▶ **What you should do**
Your answer is the lines below, exactly, from the one that contains "San Pellegrino газированный" through the one that contains "Sun logo and sun icon vector design template", both included.

▶ **Data shown**
::::::::::
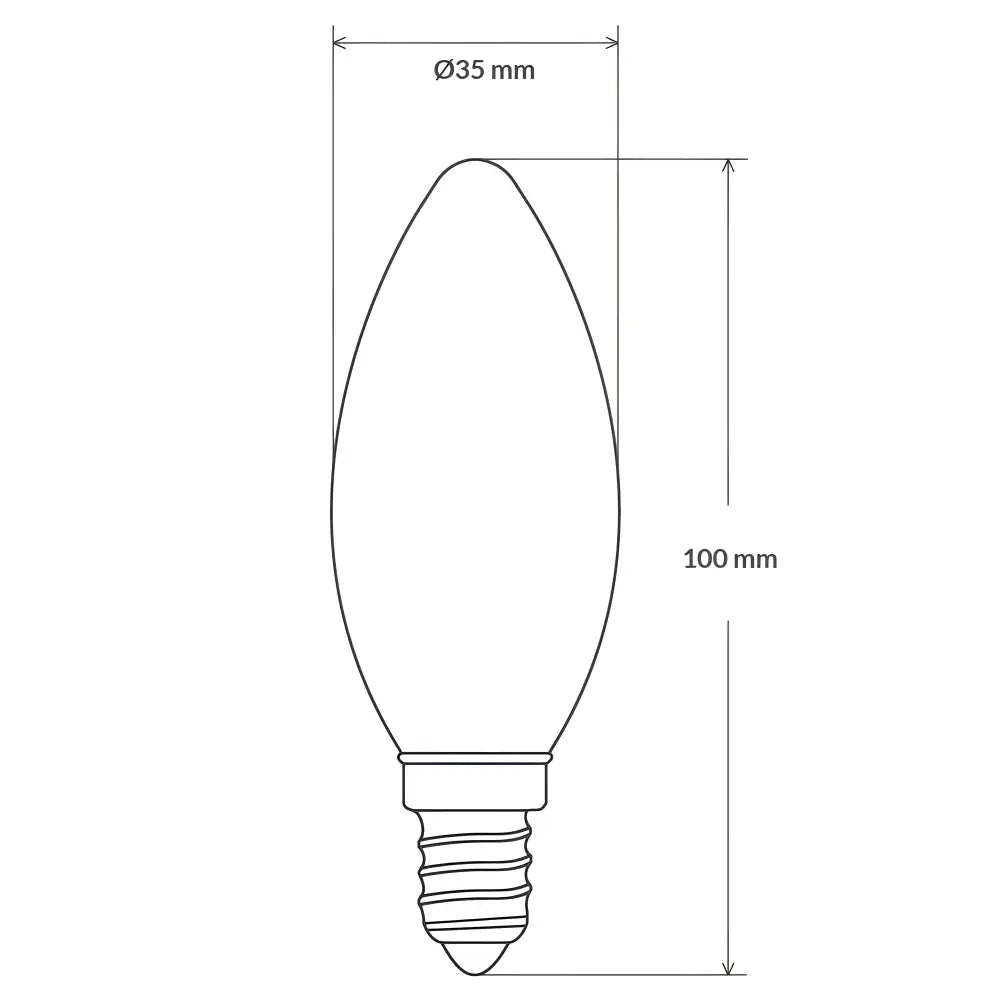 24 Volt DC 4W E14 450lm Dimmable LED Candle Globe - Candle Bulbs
::::::::::
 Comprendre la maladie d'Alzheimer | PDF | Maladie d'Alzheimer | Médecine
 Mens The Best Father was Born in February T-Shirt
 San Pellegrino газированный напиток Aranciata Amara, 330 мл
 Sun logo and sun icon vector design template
::::::::::
▶ **Solved problem**
 San Pellegrino газированный напиток Aranciata Amara, 330 мл
 Sun logo and sun icon vector design template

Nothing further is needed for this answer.